There are at least three well known tracers methods: radioactive tracers, oxygen activation, and a gadolinium tracer. The radioactive tracer consists of a fluid with a relatively short-half life (hours or a few days). A gamma-ray detector is used to measure the velocity via the time-of-flight technique (distance/time). This technique has the disadvantage of requiring the storage, handling, and ejection of a radioactive material.
With oxygen activation, a neutron generator is used to convert stable oxygen into a radioactive isotope of nitrogen. A gamma-ray detector is used to detect the time that the activated material reaches the detector. There is no direct handling of radioactive materials, but the technique has problems with slow velocities and the need for the source-to-detector spacing of ten diameters.
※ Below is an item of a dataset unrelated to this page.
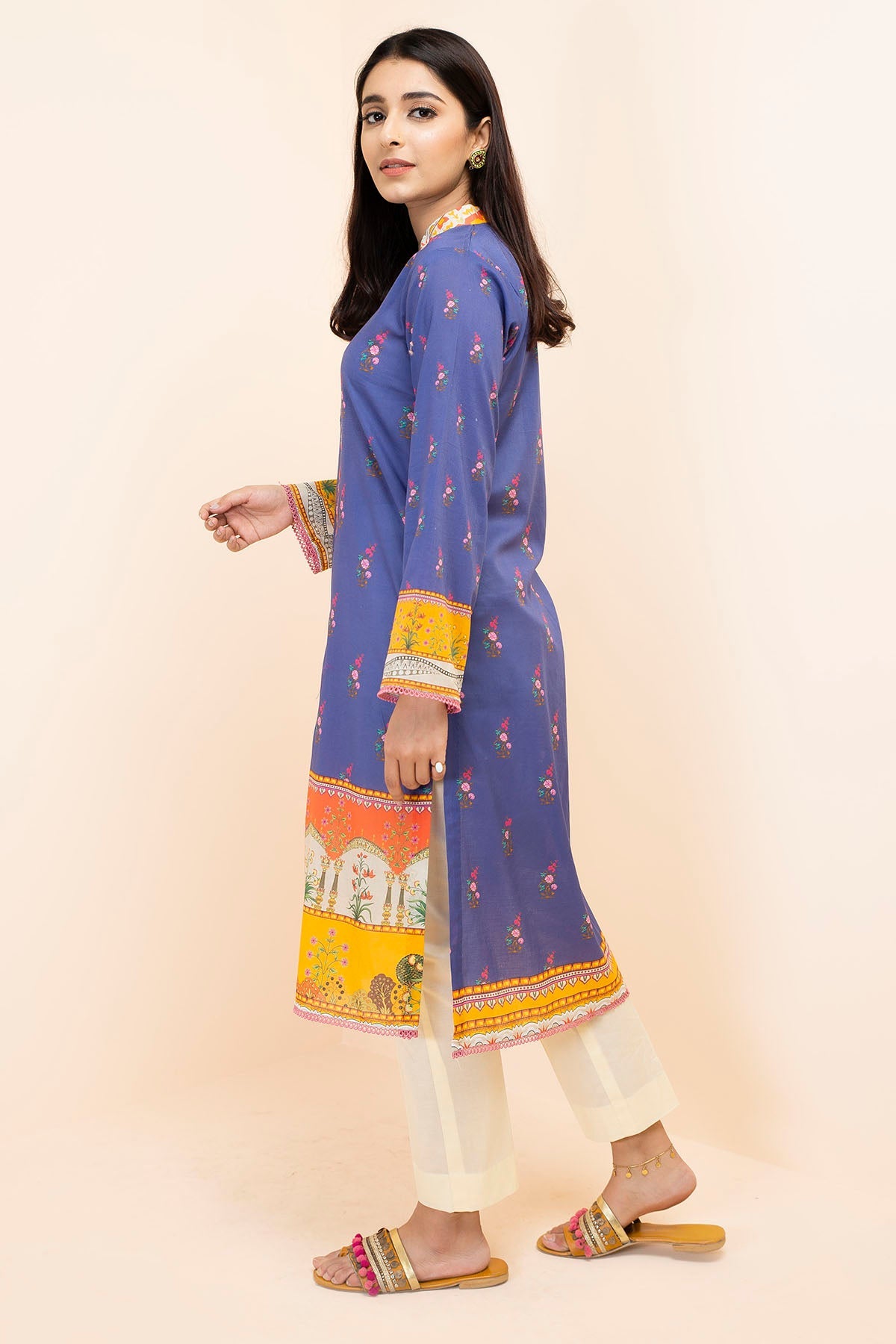 2864-DUSK DIGITAL PRINTED LAWN STITCHED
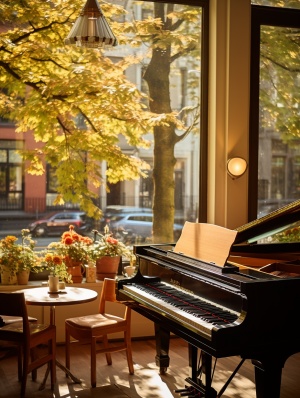 浪漫的雨天咖啡屋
The gadolinium tracer may be used in either a water-soluble or an oil-soluble compound to monitor the respective phase velocities. Because of its extremely high thermal neutron capture cross section, the Gd tracer causes a change in the absorption decay rate of the host phase. A thermal-decay time tool (like the RST-A tool) is used to detect this change as the Gd-doped fluid passes the tool's gamma-ray detectors. This technique requires use of a thermal-decay time tool, thus increasing the cost and complexity of phase velocity acquisition. (Other isotopes such as boron can be used instead of Gadolinium, but the signal-to-noise ratio is much worse).
A fourth tracer technique is disclosed in previously incorporated U.S. Pat. No. 6,016,191 to Ramos et al. According to the '191 patent, a fluorescent tracer is injected at a first location into the flowing fluid, light having a wavelength which causes the fluorescent tracer to fluoresce is introduced into the fluid at a second location, and a detector at the second location which detects light at the fluorescing wavelength is used to determine when the tracer is present. The distance between the locations, and the time it takes from injection of the fluorescent tracer until detection by the detector provides an average fluid velocity. According to the '191 patent, an oil soluble tracer is utilized when oil constitutes the continuous phase of the fluid, and a water soluble tracer is used when water constitutes the continuous phase of the fluid.
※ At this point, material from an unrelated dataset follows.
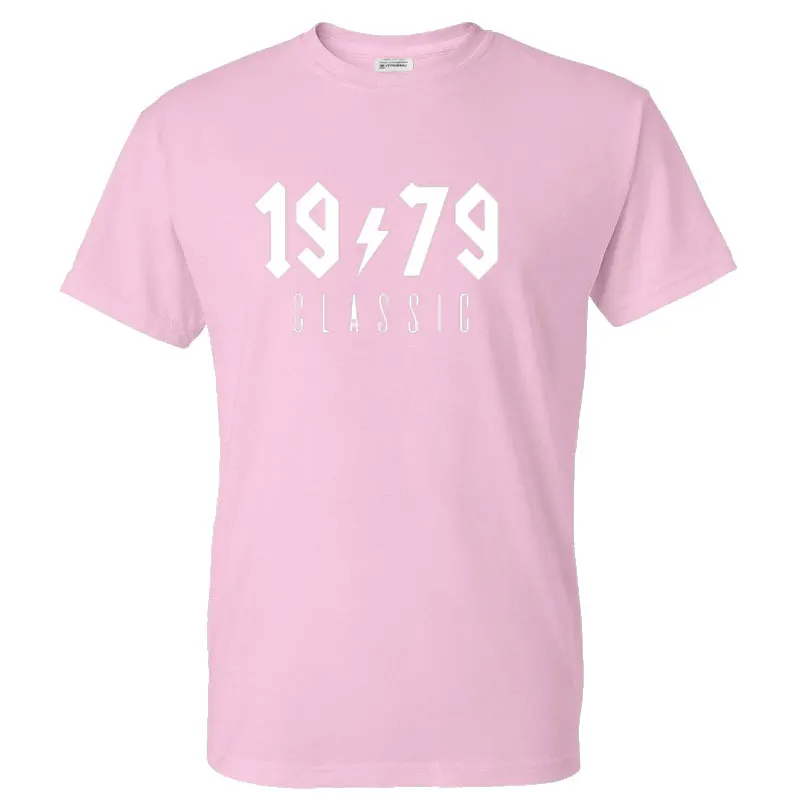 1979 m. Klasikinis Raštas Spausdinti vyriški Laisvalaikio Įgulos Kaklo trumpomis Rankovėmis marškinėliai Aukštos kokybės Medvilnės Mados Streetwear marškinėlius Hip-Hop VIRŠŪNĖS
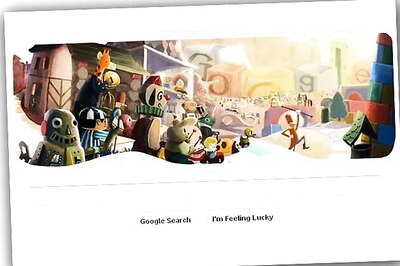 Google wishes Happy Holidays with a doodle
Previously incorporated U.S. Pat. No. 6,023,340 to Wu et al. and U.S. Pat. No. 6,075,611 to Dussan et al. also utilize an optical system which measures fluorescence in order to measure oil velocity; albeit without the aid of a tracer. In particular, the '611 patent suggests that light can be injected into a multiphase fluid at a first wavelength which will cause oil to naturally fluoresce at a second wavelength, and that detection of the fluorescence signal over time (and processing of the derivative signal thereof) can be used to obtain information regarding oil drop velocity, flow rate and holdup.
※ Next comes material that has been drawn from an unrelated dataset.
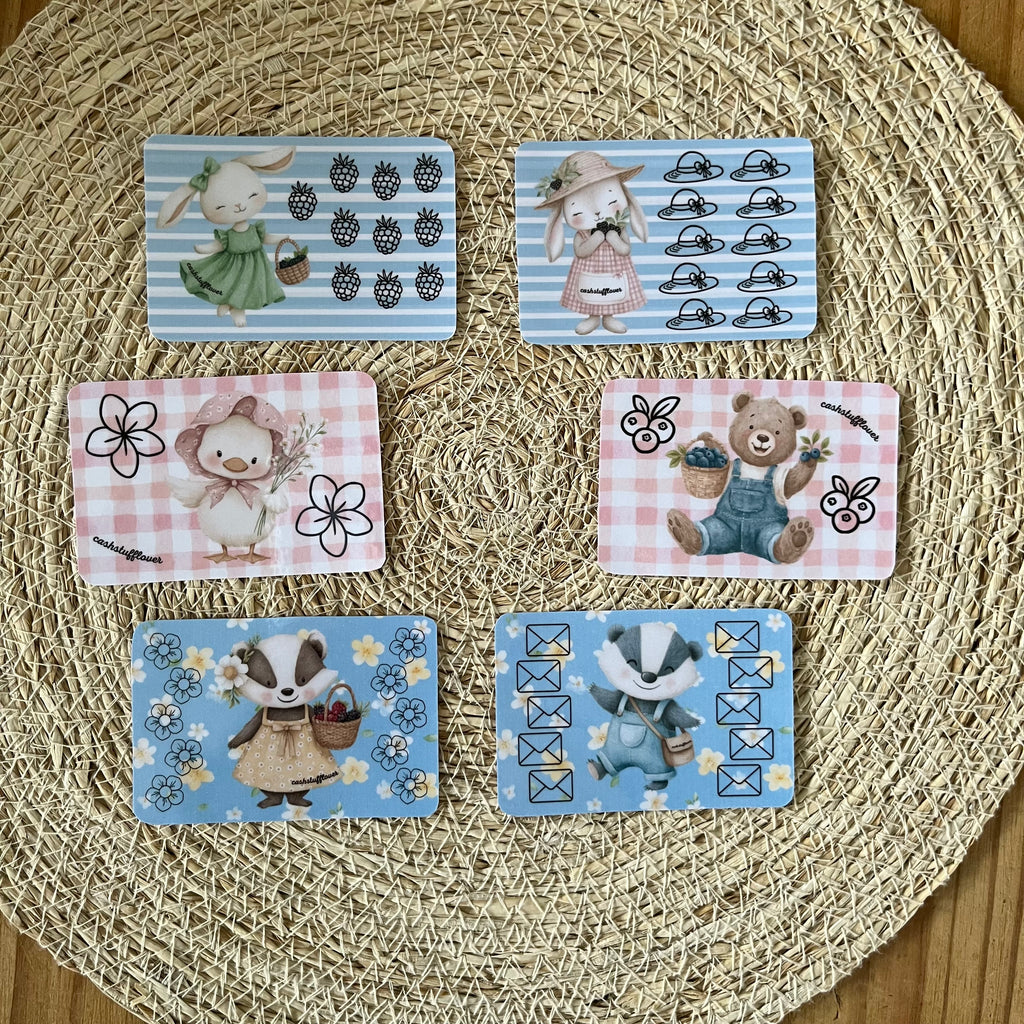 Little garden friends A7 setje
While the techniques described in the previously incorporated patents represent large steps forward in the art, and are useful in most circumstances, there exists at least one particular circumstance when a fluorescing marker or the natural fluorescence of the oil cannot be easily utilized to measure oil velocity. In particular, in a single phase flow of heavy oils, the natural fluorescence cannot be utilized because oil droplets are not distinct. Likewise, the fluorescing marker cannot be easily utilized because the heavy oil is optically opaque, and the fluorescent tracer would have to be present at unacceptably high concentrations to compete for injected photons. In addition, the natural fluorescence of heavy crudes can interfere with the fluorescence measurements of the marker.